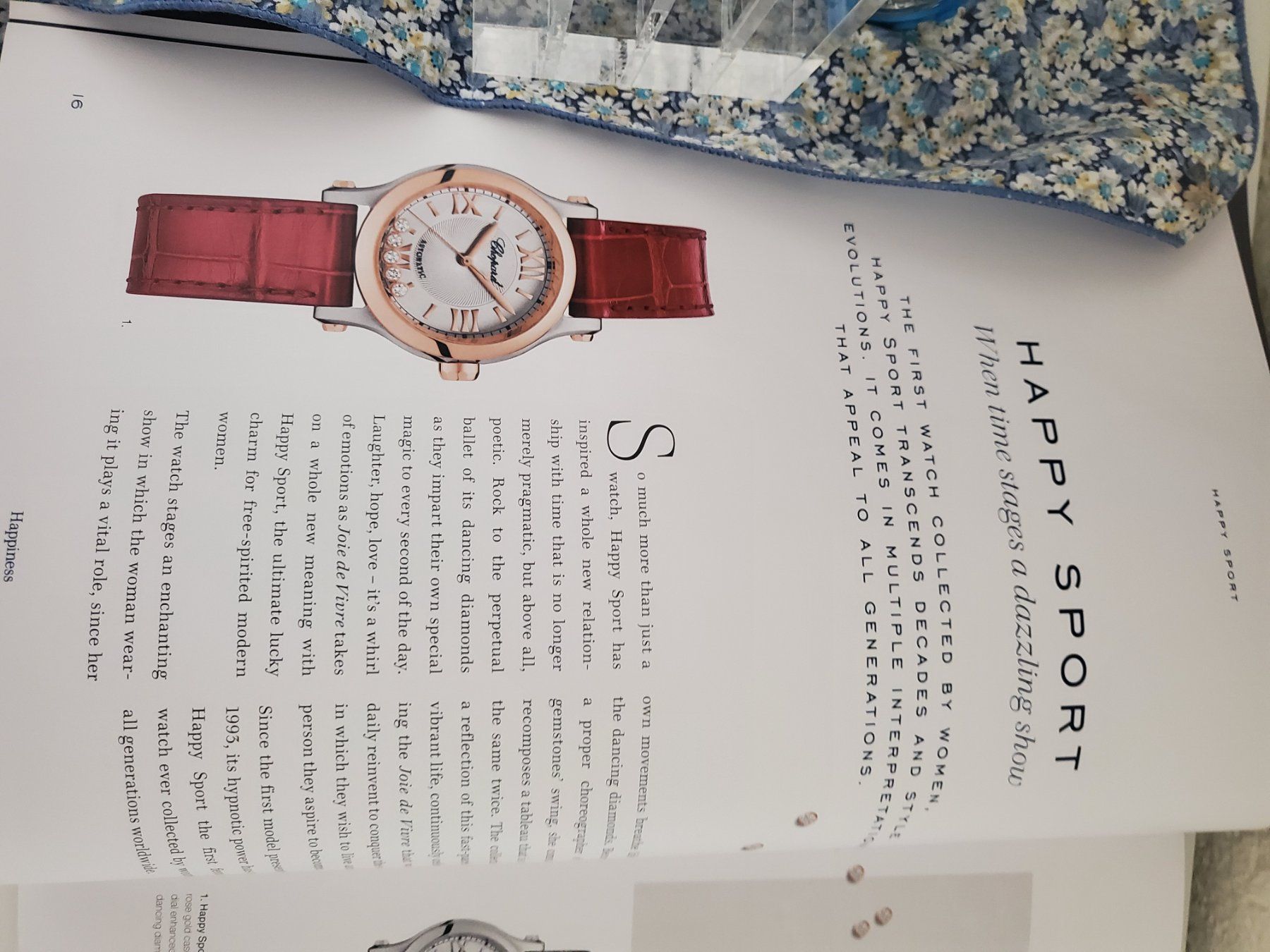 Zeitschriften & Magazine: Broschüre  Chopard hapiness I. issue diamonds Julia Roberts – Neu (gemäss Beschreibung) aus Unterägeri von 0alfa0 9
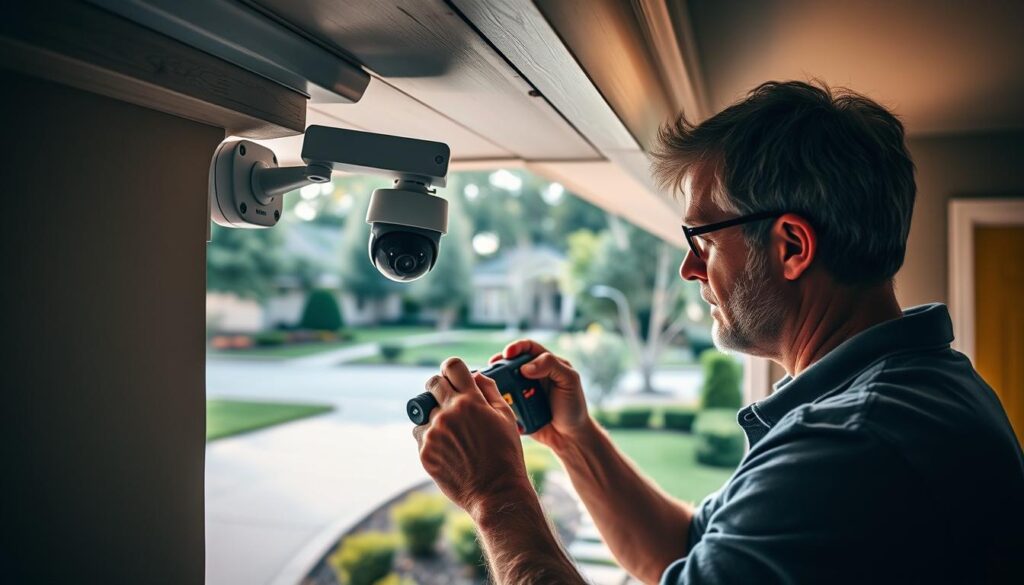 install security cameras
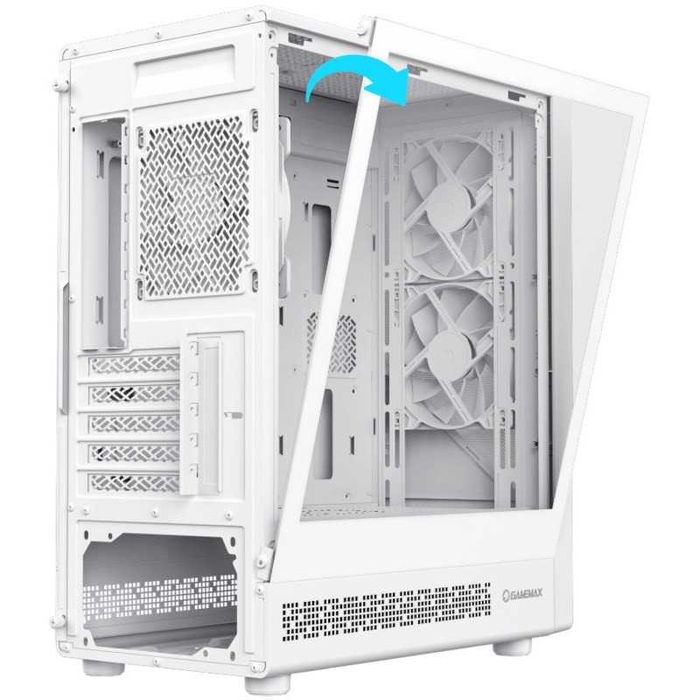 Carcasa PC Gamemax Focus Mesh White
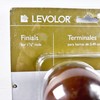 Levolor FINIALS Wood Round Ball ~ fits 1-3/8" Rods ~ Warm Walnut New gallery
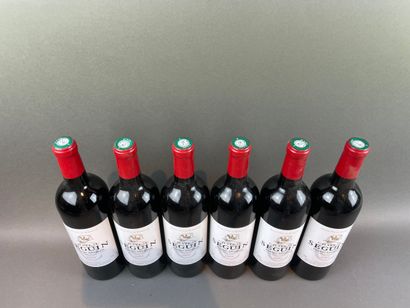 12 btls Château Seguin 2005 - Pessac-Léo...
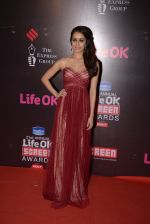 Shraddha Kapoor at Life Ok Screen Awards red carpet in Mumbai on 14th Jan 2015
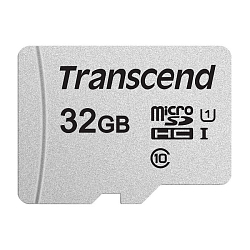 Micro SD 32Gb Transcend Class 10 UHS-I 300S U1 без адаптера SD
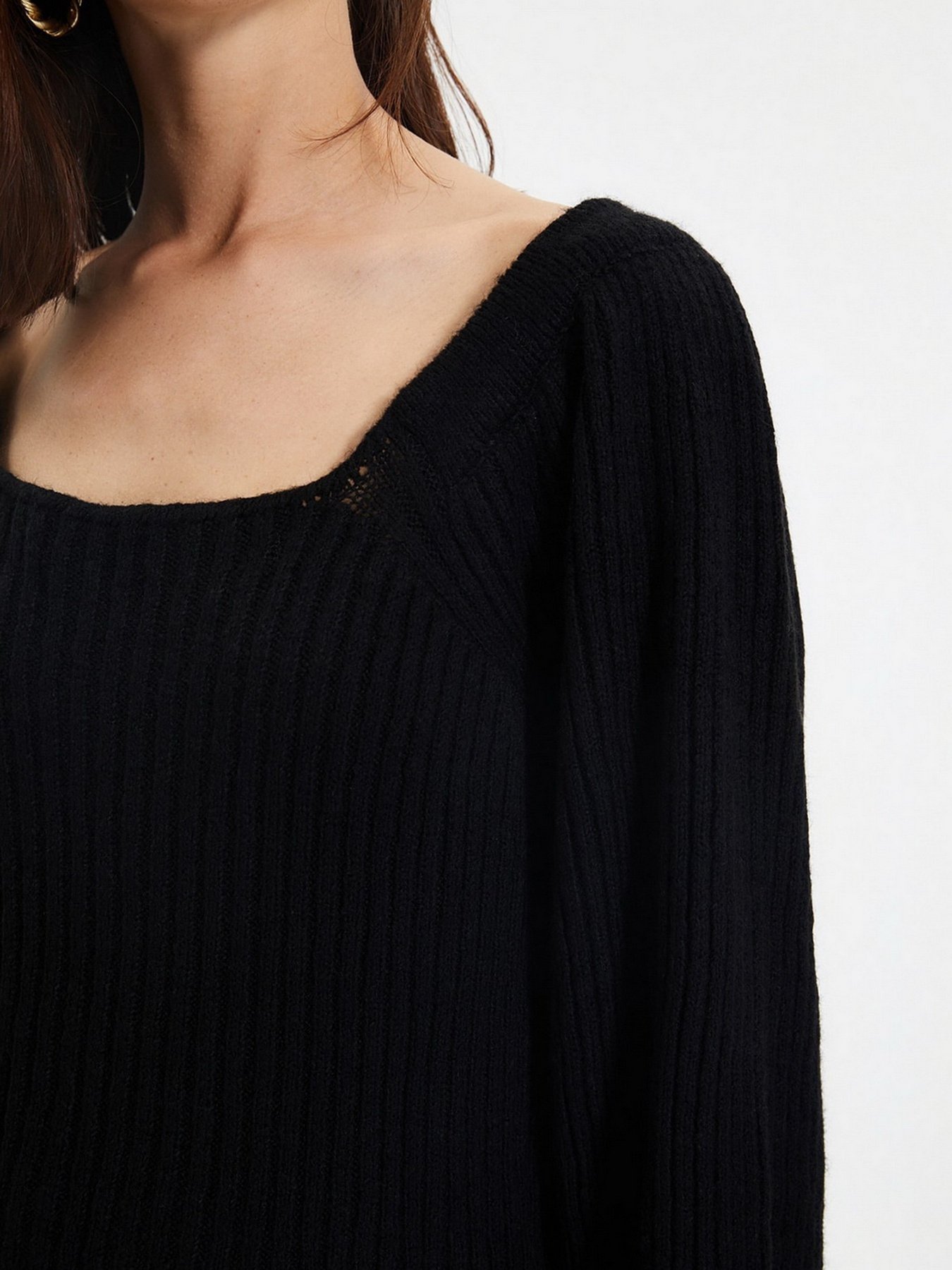 Свитер Trendyol модель TWOAW22KZ1248/Siyah Фото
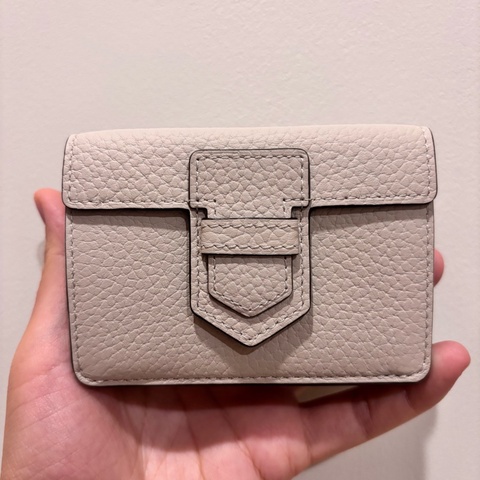 Delvaux Presse Trifold Wallet 短夾 Sesame色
———
> _Work instructions_: The reply must hold every line above exactly as written and none of the pictures.

> _Answer to this exercise_:
 Zeitschriften & Magazine: Broschüre  Chopard hapiness I. issue diamonds Julia Roberts – Neu (gemäss Beschreibung) aus Unterägeri von 0alfa0 9
 install security cameras
 Carcasa PC Gamemax Focus Mesh White
 Levolor FINIALS Wood Round Ball ~ fits 1-3/8" Rods ~ Warm Walnut New gallery
 12 btls Château Seguin 2005 - Pessac-Léo...
 Shraddha Kapoor at Life Ok Screen Awards red carpet in Mumbai on 14th Jan 2015
 Micro SD 32Gb Transcend Class 10 UHS-I 300S U1 без адаптера SD
 Свитер Trendyol модель TWOAW22KZ1248/Siyah Фото
 Delvaux Presse Trifold Wallet 短夾 Sesame色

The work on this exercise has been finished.